----- Records for the task
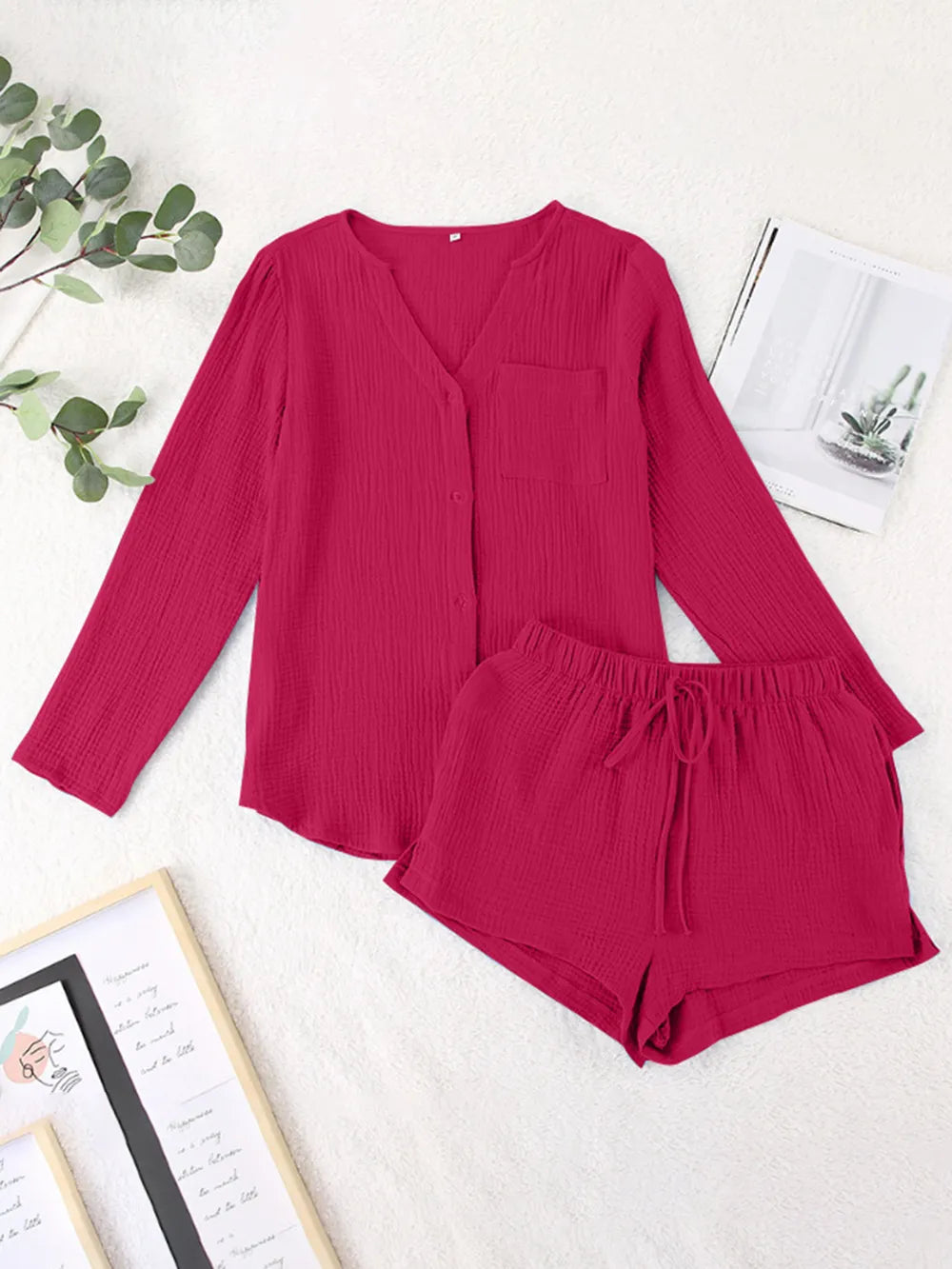 Women’s Summer Pyjama Set Crafted from 100% Cotton Gauze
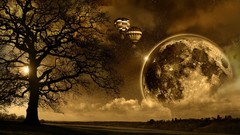 Landscapes Trees moon digital art hot air balloons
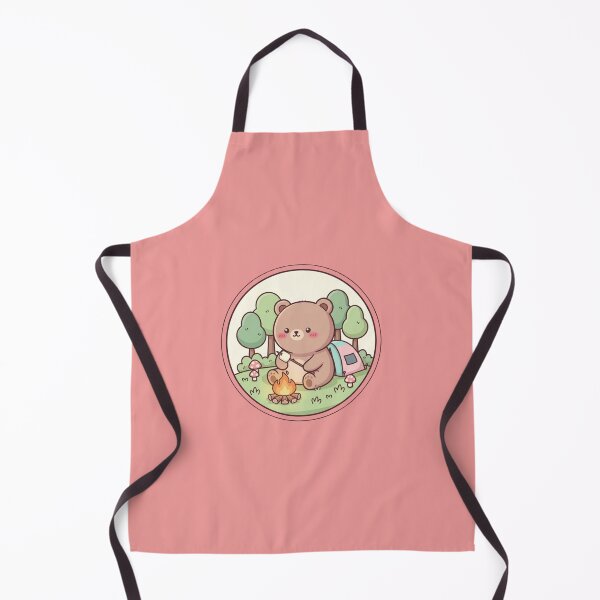 Item preview, Cute Campfire Bear Roasting Marshmallow Cozy Forest Aesthetic Illustration designed and sold by LavinyArt.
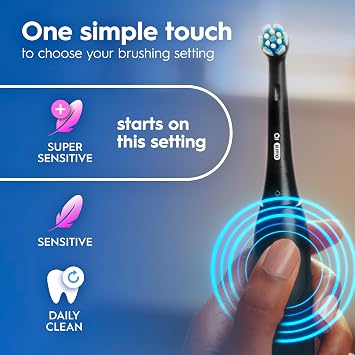 Oral-B Rechargeable Electric Toothbrush, iO2 Starter Kit, 3 Cleaning Modes, Automatic Pressure Sensor to Protect Gums, 2 Brush Heads, Pure White
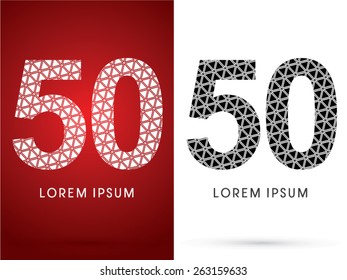 50 ,Number, Modern font, designed using white and black triangle geometric shape. on red and white background, ,logo, symbol, icon, graphic, vector.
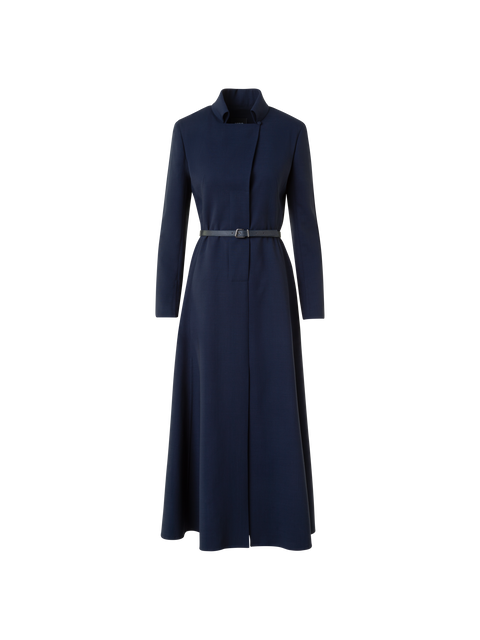 Woll Doubleface Midi Hemd-Kleid mit Gürtel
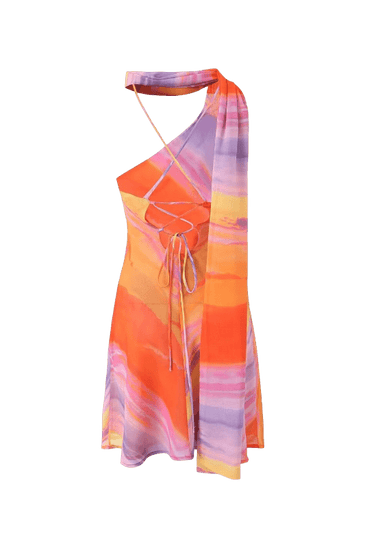 Katalina | Women's One-Shoulder Satin Mini Summer Dress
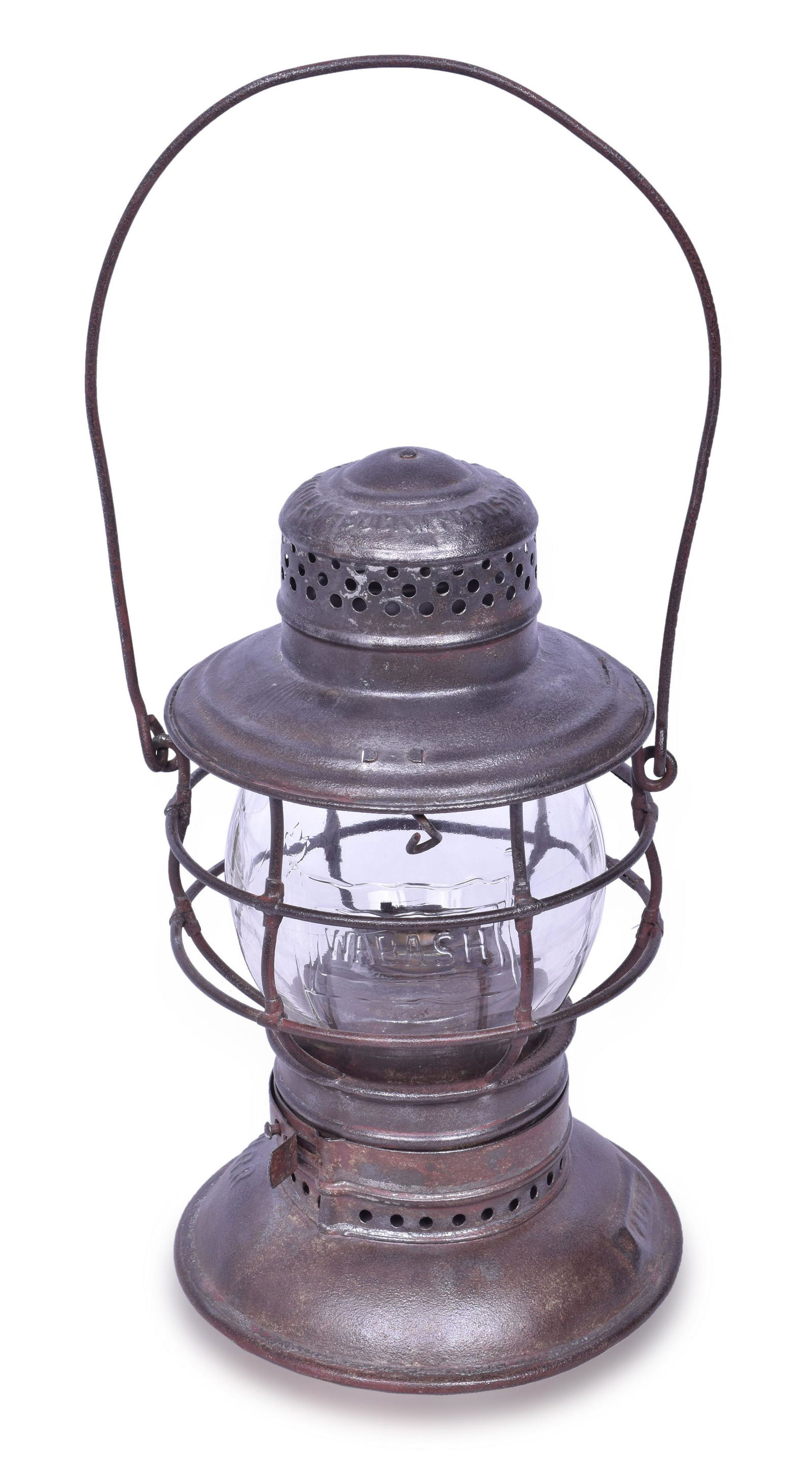 Handlan Wabash Railroad Bell Bottom Lantern w/ Cast Flag Globe (1 of 6)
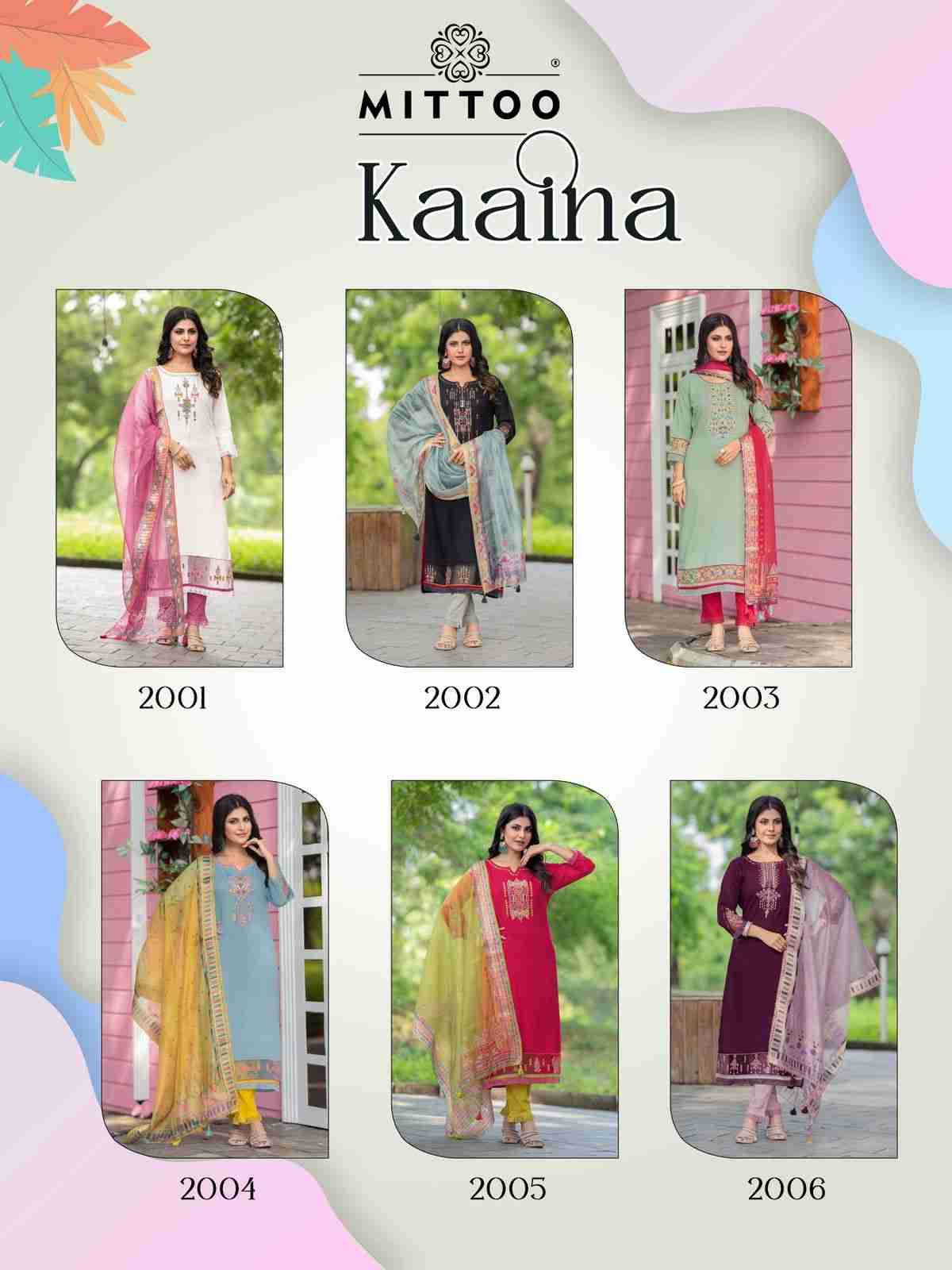 Kaaina By Mittoo 1001 To 1006 Series Beautiful Festive Suits Colorful Stylish Fancy Casual Wear & Ethnic Wear Heavy Rayon Dresses At Wholesale Price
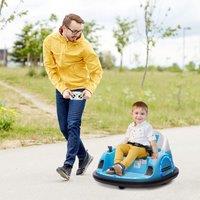AIYAPLAY 360 Rotation 12V Kids Bumper Car w/ Remote Control in Blue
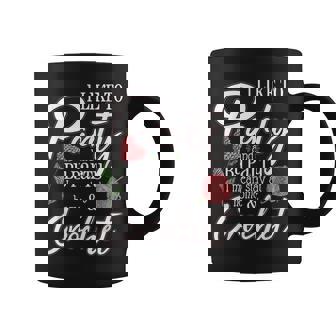 By Party I Mean Stay At Home & Crochet Crocheting Lover Graphic Print Coffee Mug - Monsterry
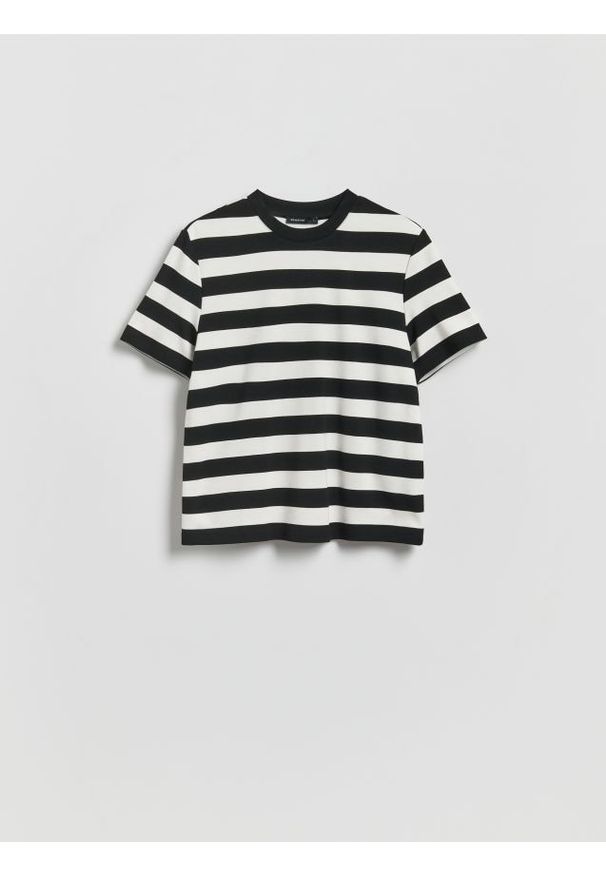 Reserved - Bluzka w paski - wielobarwny. Materiał: dzianina, wiskoza. Wzór: paski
----------
:: Prompt ::
Could you output every entry exactly as written, skipping the pictures?

:: Task output ::
 Women’s Summer Pyjama Set Crafted from 100% Cotton Gauze
 Landscapes Trees moon digital art hot air balloons
 Item preview, Cute Campfire Bear Roasting Marshmallow Cozy Forest Aesthetic Illustration designed and sold by LavinyArt.
 Oral-B Rechargeable Electric Toothbrush, iO2 Starter Kit, 3 Cleaning Modes, Automatic Pressure Sensor to Protect Gums, 2 Brush Heads, Pure White
 50 ,Number, Modern font, designed using white and black triangle geometric shape. on red and white background, ,logo, symbol, icon, graphic, vector.
 Woll Doubleface Midi Hemd-Kleid mit Gürtel
 Katalina | Women's One-Shoulder Satin Mini Summer Dress
 Handlan Wabash Railroad Bell Bottom Lantern w/ Cast Flag Globe (1 of 6)
 Kaaina By Mittoo 1001 To 1006 Series Beautiful Festive Suits Colorful Stylish Fancy Casual Wear & Ethnic Wear Heavy Rayon Dresses At Wholesale Price
AIYAPLAY 360 Rotation 12V Kids Bumper Car w/ Remote Control in Blue
 By Party I Mean Stay At Home & Crochet Crocheting Lover Graphic Print Coffee Mug - Monsterry
 Reserved - Bluzka w paski - wielobarwny. Materiał: dzianina, wiskoza. Wzór: paski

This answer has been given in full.